Need not stand when Anthem played in film, says Supreme Court

Need not stand when Anthem  played in film, says Supreme Court

The Supreme Court on Tuesday clarified that the audience in a cinema hall need not stand up when the National Anthem is played as part of the storyline during the screening of a feature film.

A bench presided over by Justice Dipak Misra passed its order after senior advocate Sidharth Luthra, appearing as amicus curiae, gave suggestions to it, as Attorney General Mukul Rohatgi agreed to them.

The court had on November 30 directed all cinema halls in the country to play the National Anthem before the feature film begins.

This order also made it mandatory for all those present in the hall “to stand up to show respect to the national anthem” as part of their “sacred obligation”.

On Tuesday, the court clarified that the previous order was an interim order and not a final judgement.
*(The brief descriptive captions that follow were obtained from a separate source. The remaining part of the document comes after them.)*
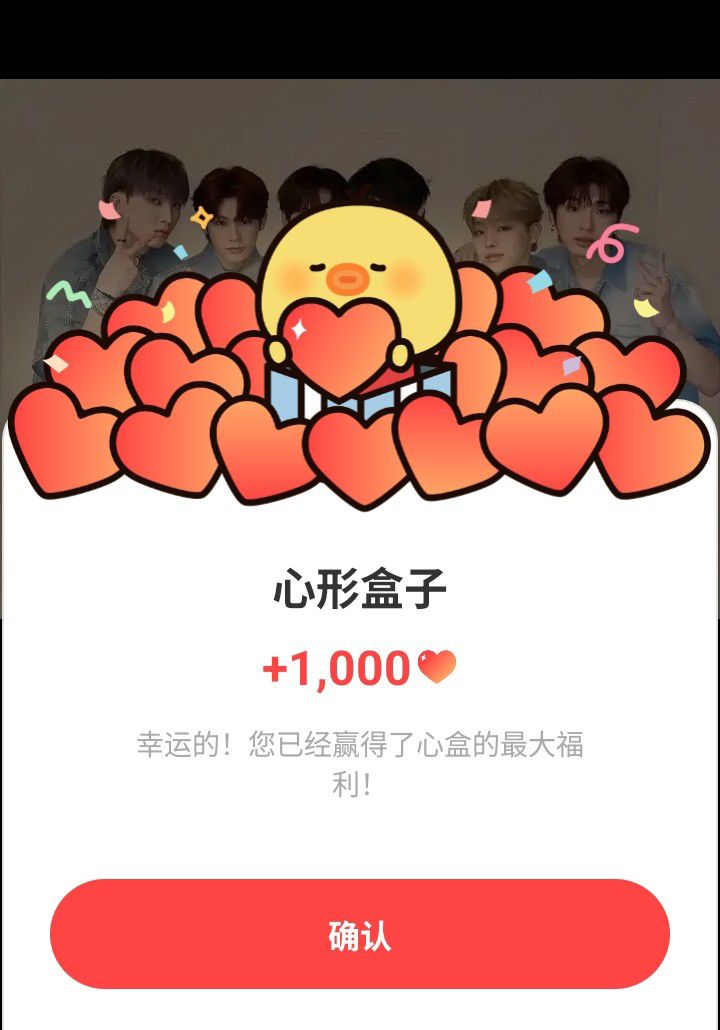 Latest photo of XODIAC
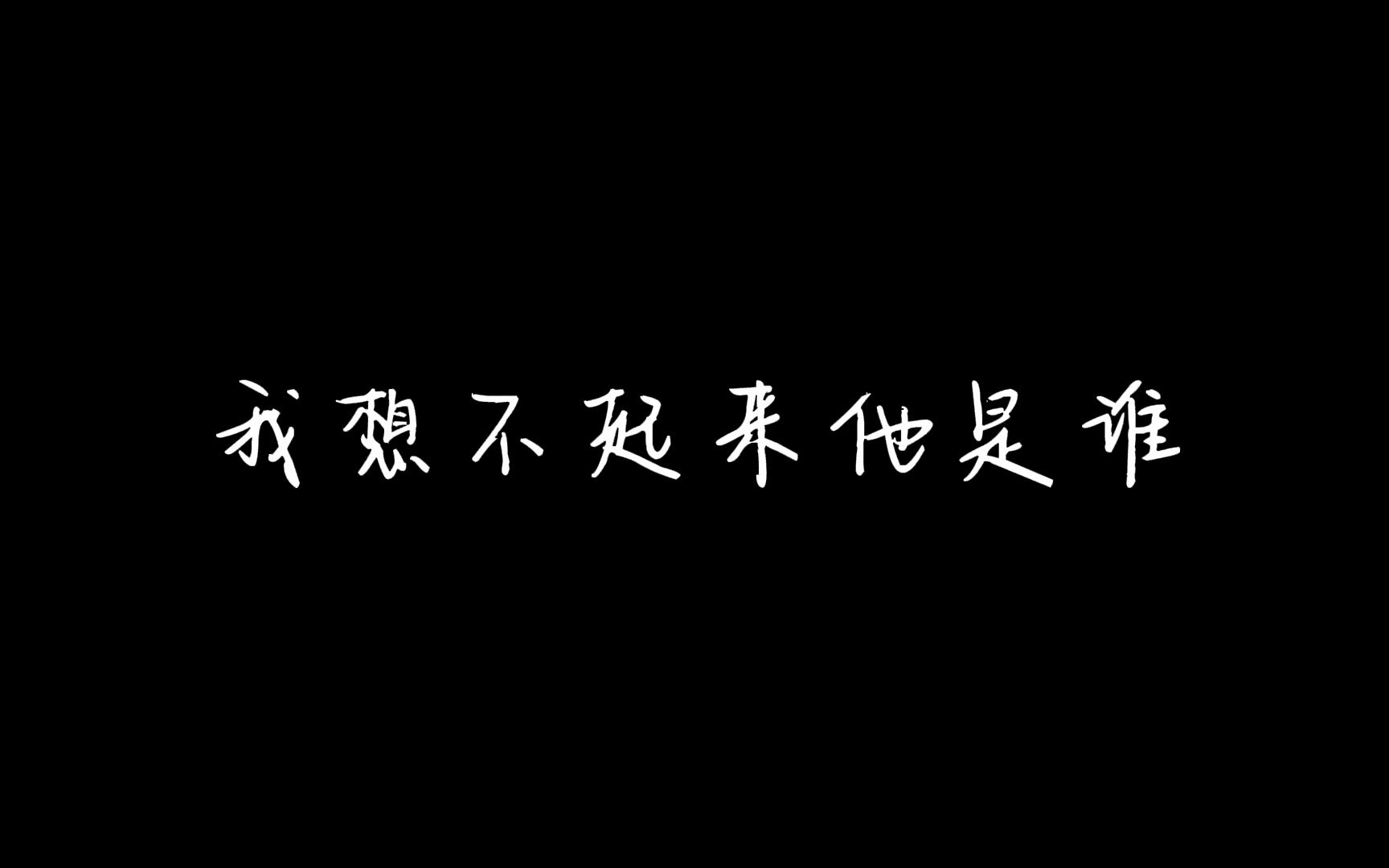 [图]【APH露中红色组应援句】“梦醒了”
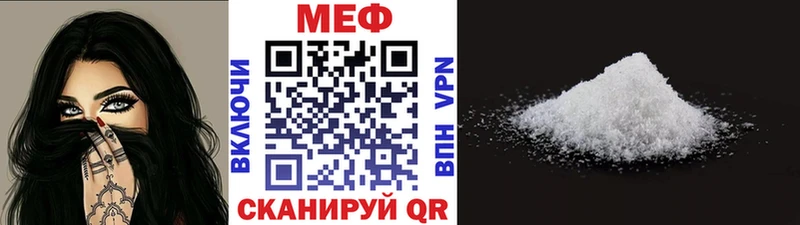 наркота  блэк спрут рабочий сайт  Мефедрон кристаллы  Ипатово 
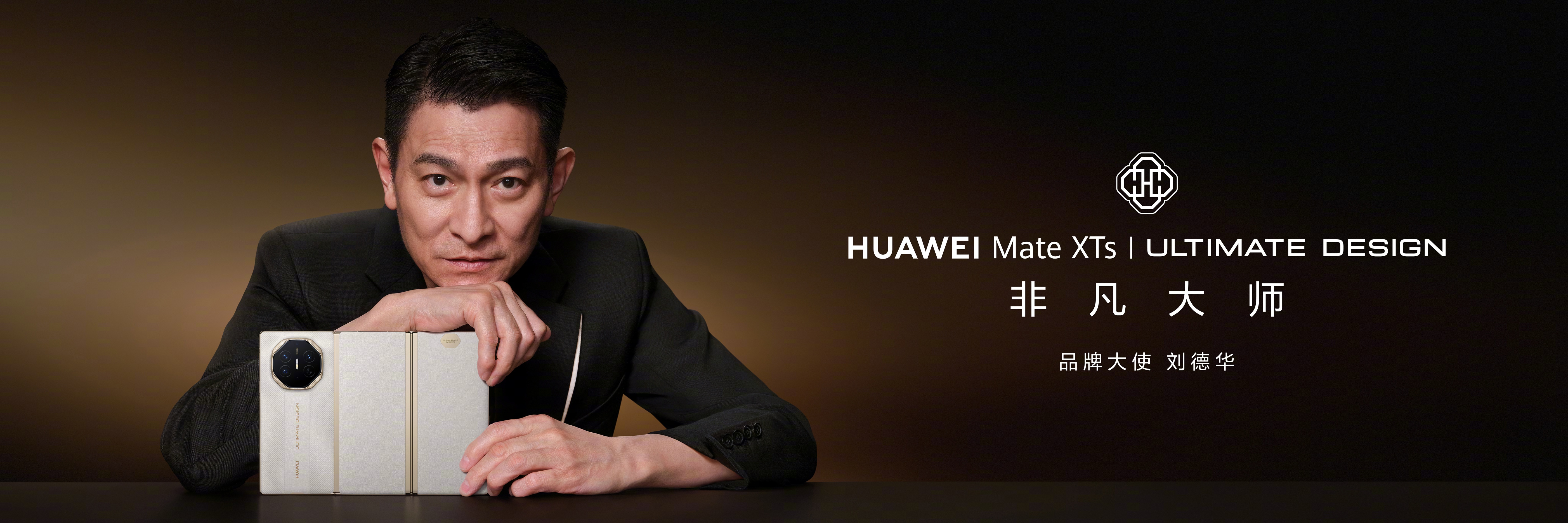 超评助手：华为Mate XTs 非凡大师发布，时尚三折叠手机引领办公与娱乐新体验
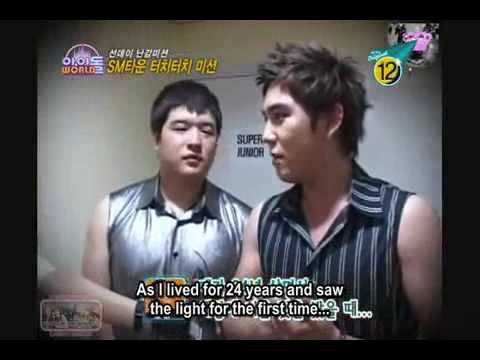 Super Junior cuts with The Grace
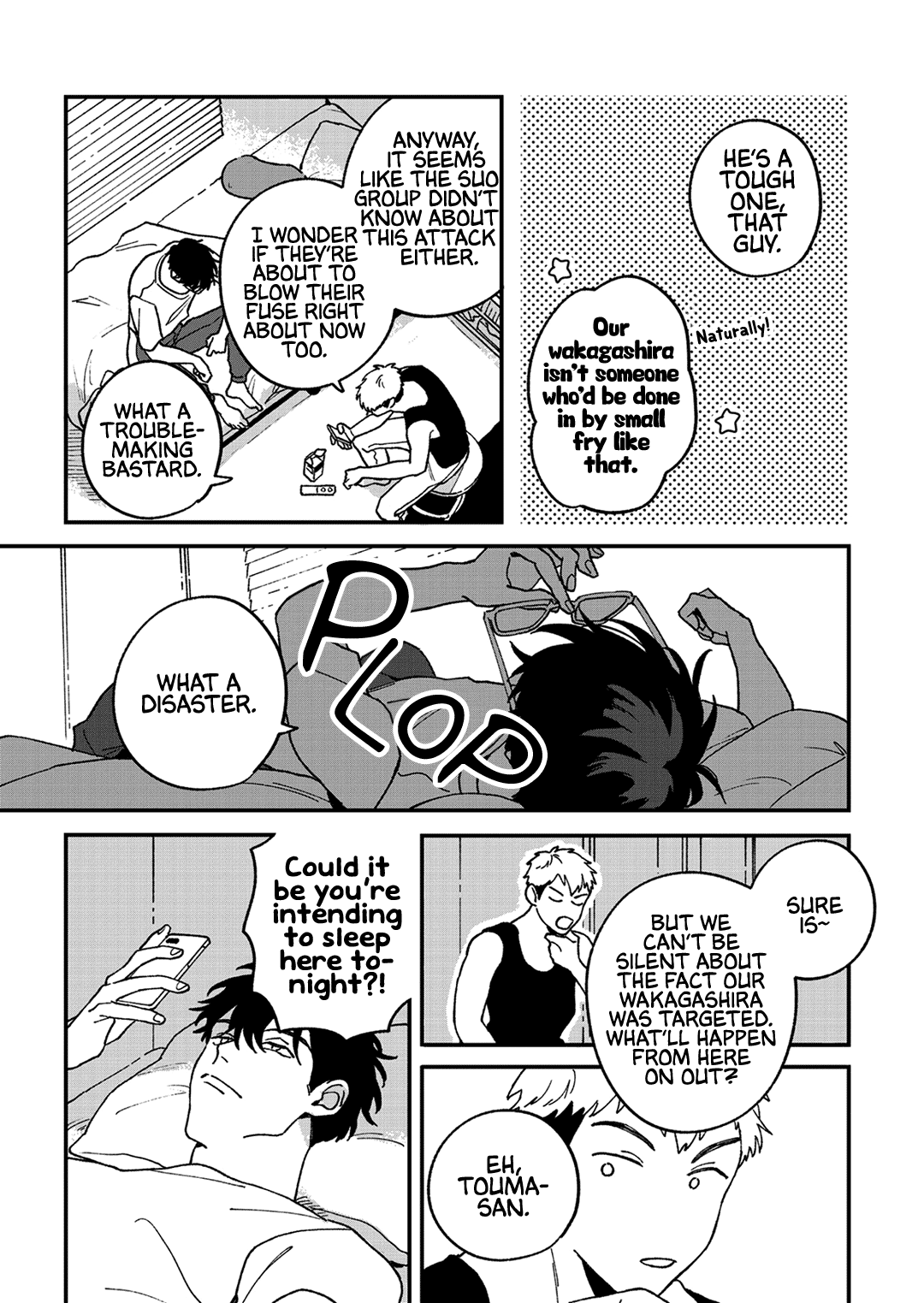 Daraku Kazokuron - Vol.2 Chapter 9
 “It is an interim order subject to debate. Besides, there is a misconception that there is a compulsion to sing. We have limited our order to standing up when the National Anthem is played,” said the judge.

‘No moral policing’

The bench also observed that “there should be no moral policing at all” by the general public in their endeavour to enforce the court order.

During the hearing, Rohatgi said that there should be a review of a 30-year-old judgment that permitted people belonging to the Jehovah’s Witnesses sect to not sing the Anthem as part of their right to profess religion.

He sought a stricter order by the apex court, saying a debate must also start as to why the mandatory singing of the National Anthem should be included in the school curriculum since “it is extremely important to instill a sense of nationalism from childhood”.

The court fixed the matter for consideration on April 18, also to discuss whether the issue should be referred to a larger bench.